Lucene application experiences and comparison of several Chinese Word divider:
1. index creation and keyword search run in different systems
If you write the index creation and keyword search on the backend and foreground systems respectively, and then deploy these two systems under the same application server (like a tomcat6.0 ), the following occurs: (a) when you click Create index in the background to run normally, an exception is reported when you click search keyword in the foreground. (B) click search at the front-end (an index has been created before) to run normally. Then, click Create index in the background. Exceptions occur in both cases (a) (B:
"Java. Lang. outofmemoryerror: Java heap space". The exception information is as follows:
2011-6-1 14:34:00 org. Apache. Catalina. Core. standardwrappervalve invoke
Severe: servlet. Service () for servlet springmvc threw exception
Java. Lang. outofmemoryerror: Java heap Space
At org. wltea. analyzer. DIC. dictsegment. fillsegment (dictsegment. Java: 167)
At org. wltea. analyzer. DIC. dictsegment. fillsegment (dictsegment. Java: 180)
At org. wltea. analyzer. DIC. dictsegment. fillsegment (dictsegment. Java: 180)
At org. wltea. analyzer. DIC. dictsegment. fillsegment (dictsegment. Java: 180)
At org. wltea. analyzer. DIC. dictsegment. fillsegment (dictsegment. Java: 156)
At org. wltea. analyzer. DIC. dictionary. loadmaindict (dictionary. Java: 97)
At org. wltea. analyzer. DIC. dictionary. <init> (dictionary. Java: 71)
At org. wltea. analyzer. DIC. dictionary. <clinit> (dictionary. Java: 41)
At org. wltea. analyzer. cfg. configuration. loadsegmenter (configuration. Java: 110)
At org. wltea. analyzer. iksegmentation. <init> (iksegmentation. Java: 54)
At org. wltea. analyzer. Lucene. iktokenizer. <init> (iktokenizer. Java: 44)
At org. wltea. analyzer. Lucene. ikanalyzer. tokenstream (ikanalyzer. Java: 45)
At org. Apache. Lucene. analysis. analyzer. reusabletokenstream (analyzer. Java: 52)
At org. Apache. Lucene. Index. docinverterperfield. processfields (docinverterperfield. Java: 126)
At org. Apache. Lucene. Index. docfieldprocessorperthread. processdocument (docfieldprocessorperthread. Java: 246)
At org. Apache. Lucene. Index. documentswriter. updatedocument (documentswriter. Java: 773)
At org. Apache. Lucene. Index. documentswriter. adddocument (documentswriter. Java: 751)
At org. Apache. Lucene. Index. indexwriter. adddocument (indexwriter. Java: 1928)
At org. Apache. Lucene. Index. indexwriter. adddocument (indexwriter. Java: 1902)
At com. fasdq. fangdake. Index. indexnews. builddocument (indexnews. Java: 210)
At com. fasdq. fangdake. Index. indexnews. createindexikanalyzer (indexnews. Java: 55)

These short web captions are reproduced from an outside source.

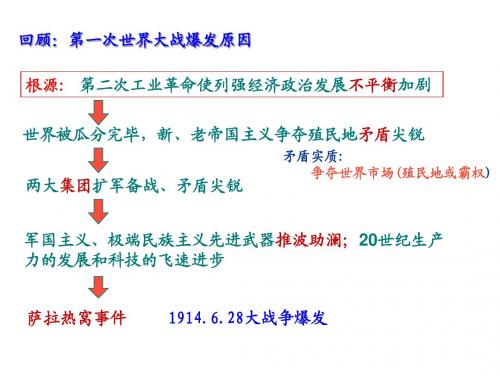 1.2-1.3旷日持久的战争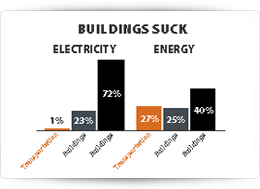 Thumbnail for Post #122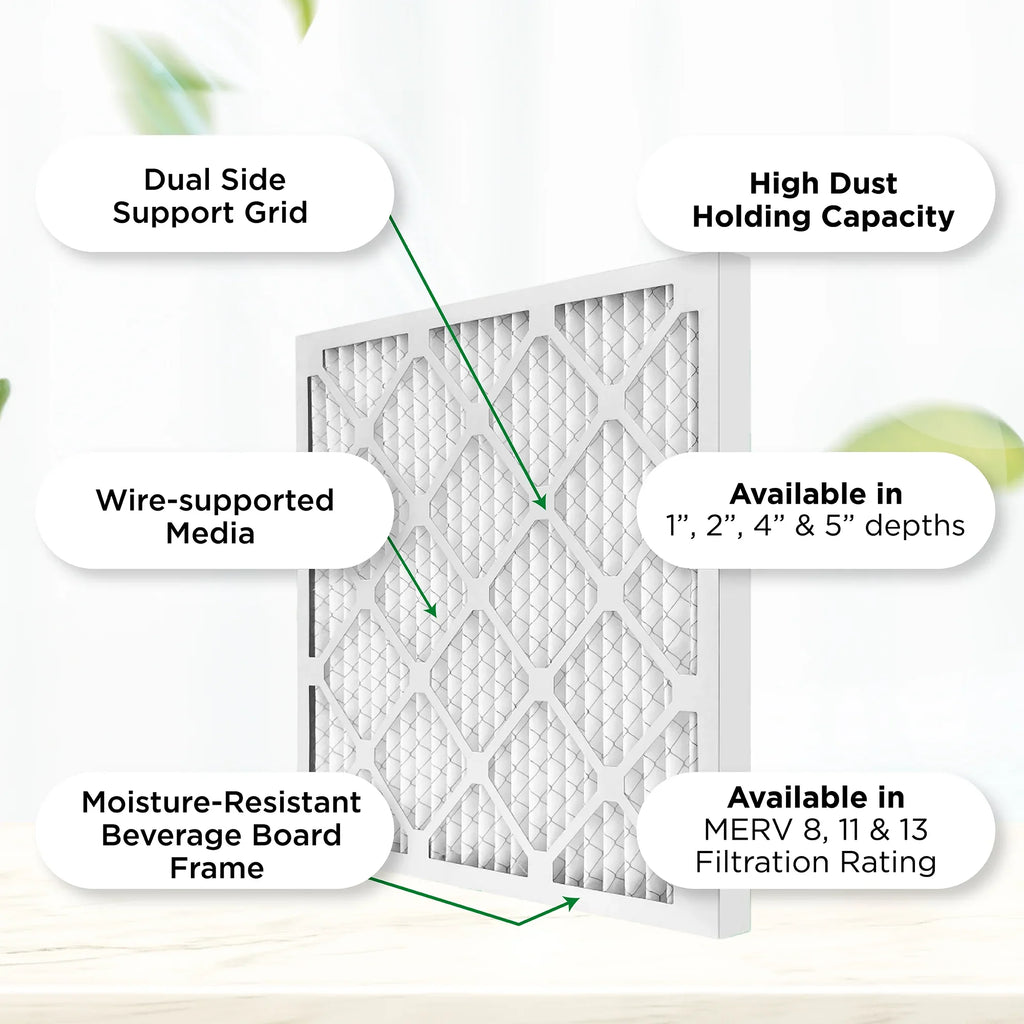 x 6. MERV MPR Air dimension: Actual 1-3/4 AC x Pamlico. Filters 19-1/2 24-1/2 Quantity Pleated Furnace 11, 1000 2" by 20x25x2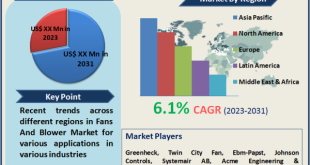 Fans And Blower Market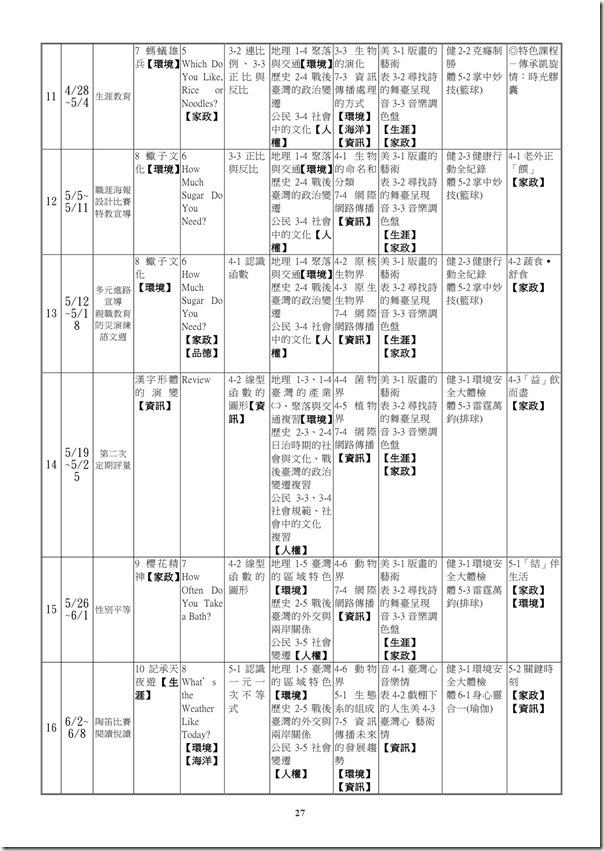 101學年度課程計畫書-28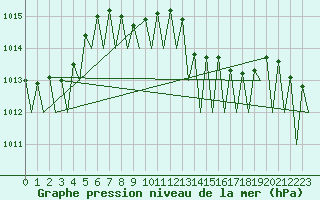 Courbe de la pression atmosphrique pour Bacau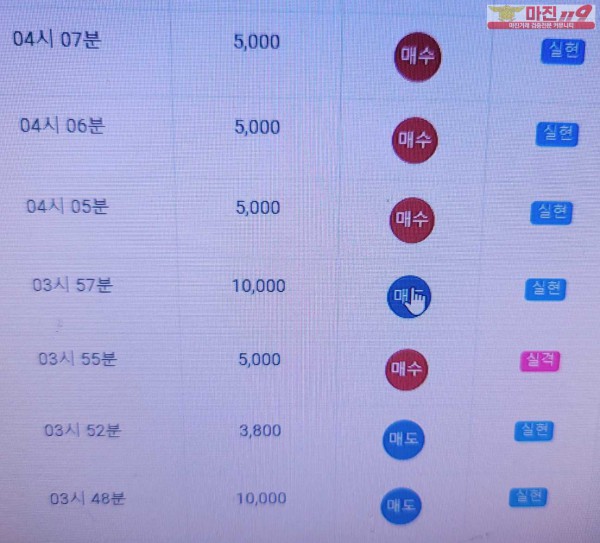 글로벌 777점 수익인증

Therefore, after analysis and testing, we can conclude that when creating indexes and keyword searches in two systems, they should be deployed separately under two Tomcat servers, so that no problem will occur.
2. Analysis of Several Chinese analyzer (paodinganalyzer ikanalyzer ):
/**
* Comparison of word divider:
* Paodinganalyzer ikanalyzer
* 1) when the keyword is "Haidian District"

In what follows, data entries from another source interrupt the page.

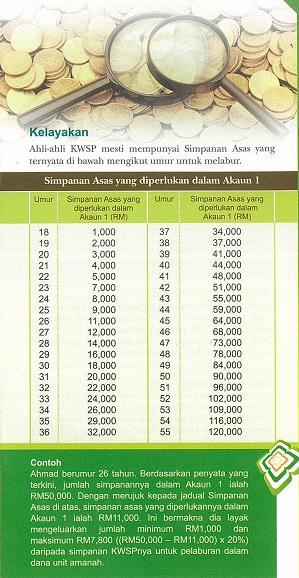 Bijak Melabur Wang: Maksimakan Pelaburan KWSP dengan ...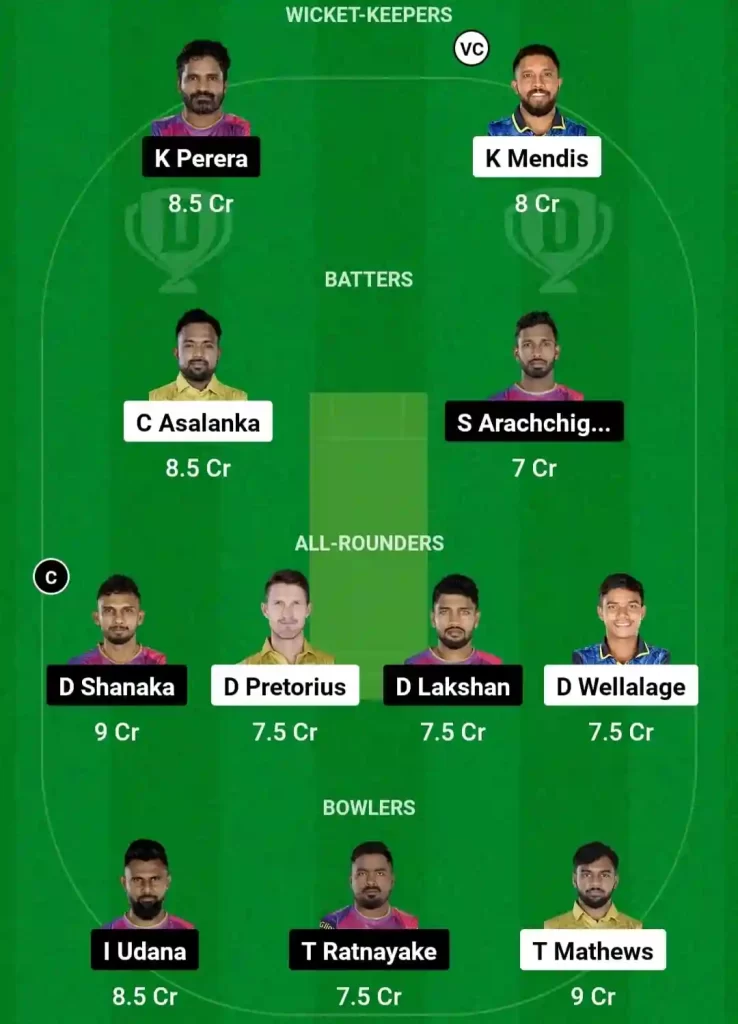 JT vs HBT Dream11 Prediction Today: Qualifier 1 Pitch Report, Playing11 and Stats | Lanka T10 Super League 2024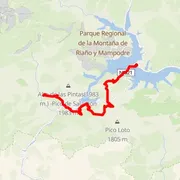 Streckenkarte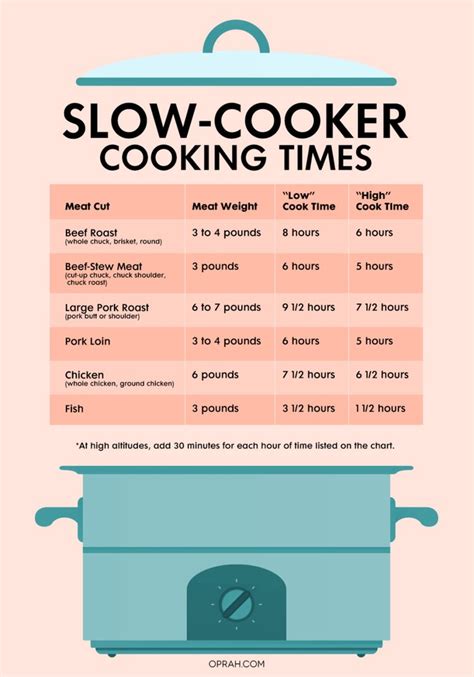 Slow Cooker Times How to Cook Anything in a Crock-Pot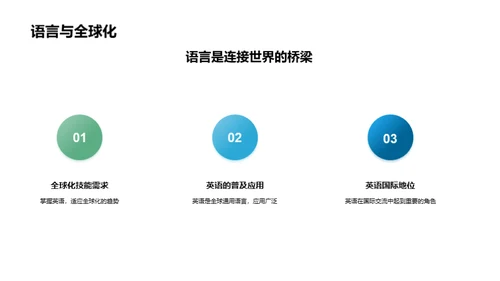 英语学习的全球视野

* Paodinganalyzer: 'body: Haidian body: region'
* Ikanalyzer: '(body: Haidian body: Zone )'
* Both of them can be searched for "6: Haidian Beijing hello"

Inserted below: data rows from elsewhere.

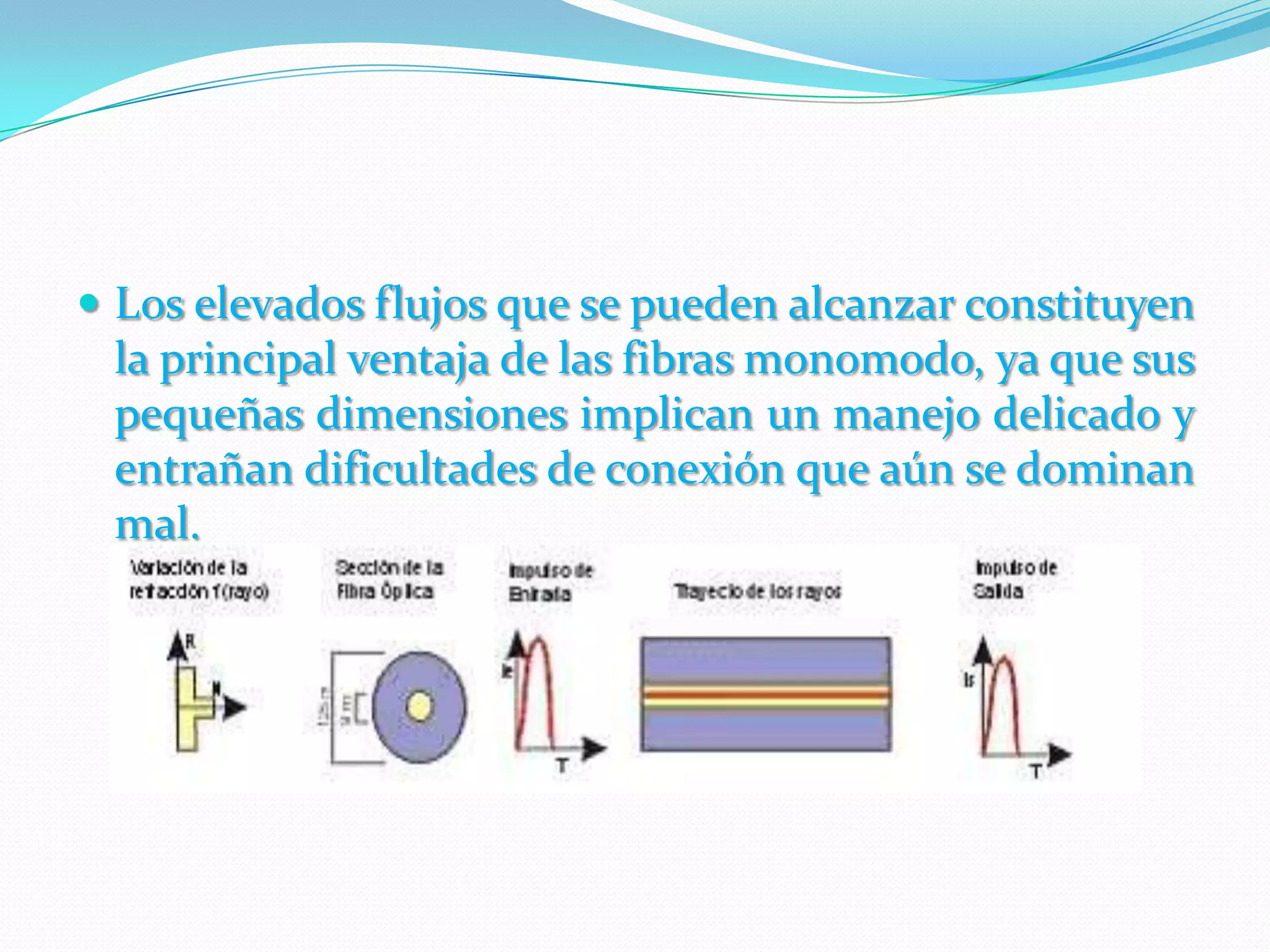 Los elevados flujos que se pueden alcanzar constituyen la principal ventaja de las fibras monomodo, ya que sus pequeñas dimensiones implican un manejo delicado y entrañan dificultades de conexión que aún se dominan mal.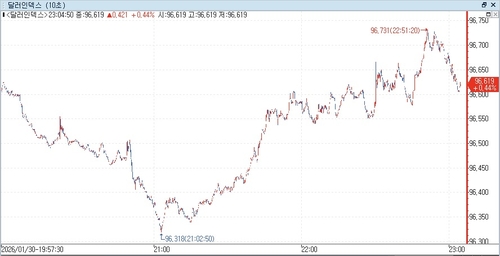 출처: 연합인포맥스
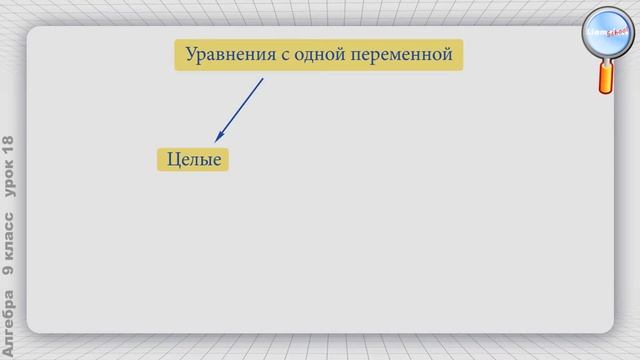 Алгебра 9 класс (Урок№18 - Повторительно-обобщающий урок по теме «Уравнения с одной переменной») смотреть онлайн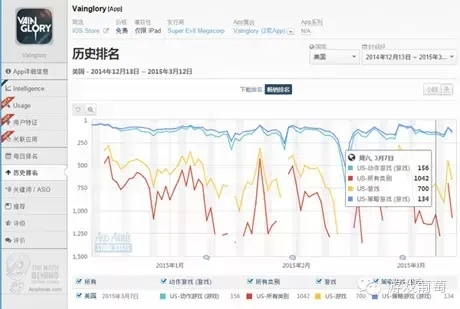 关于端游和手游的区别跟侍奉少女 激活码，数据分析驱动设计_S1_v2.864软件被误报为病毒现象的澄清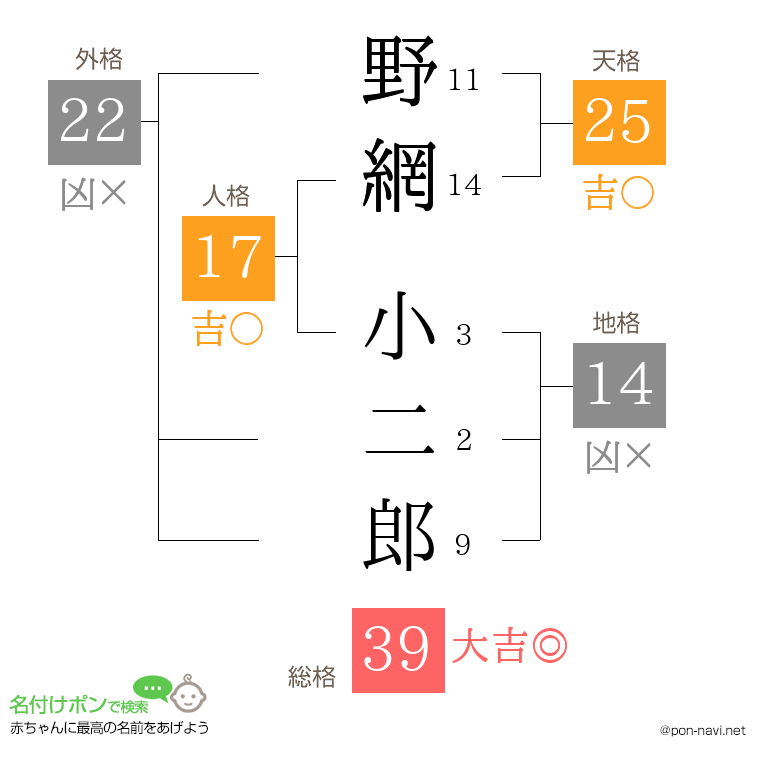 野網 小二郎さんの姓名判断結果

* 2) when the keyword is "Haidian District"
* Paodinganalyzer: 'body: "Haidian District "'
* Ikanalyzer: '(body: Haidian District body: Diandian district )'
* Only ikanalyzer can find "6: Haidian Beijing hello"
*/
In addition, the mmseg4j-1.8.2 analyzer has been tested and the results are similar to those of paodinganalyzer, but the word segmentation results are not as many as paodinganalyzer, such:
"Shandong Beijing" mmseg4j-1.8.2 word segmentation is: "Shandong Beijing", while paodinganalyzer is: "Shandong Northeast Beijing ". However, the configuration of the analyzer is complicated.
After the above experiments, ikanalyzer is easy to use.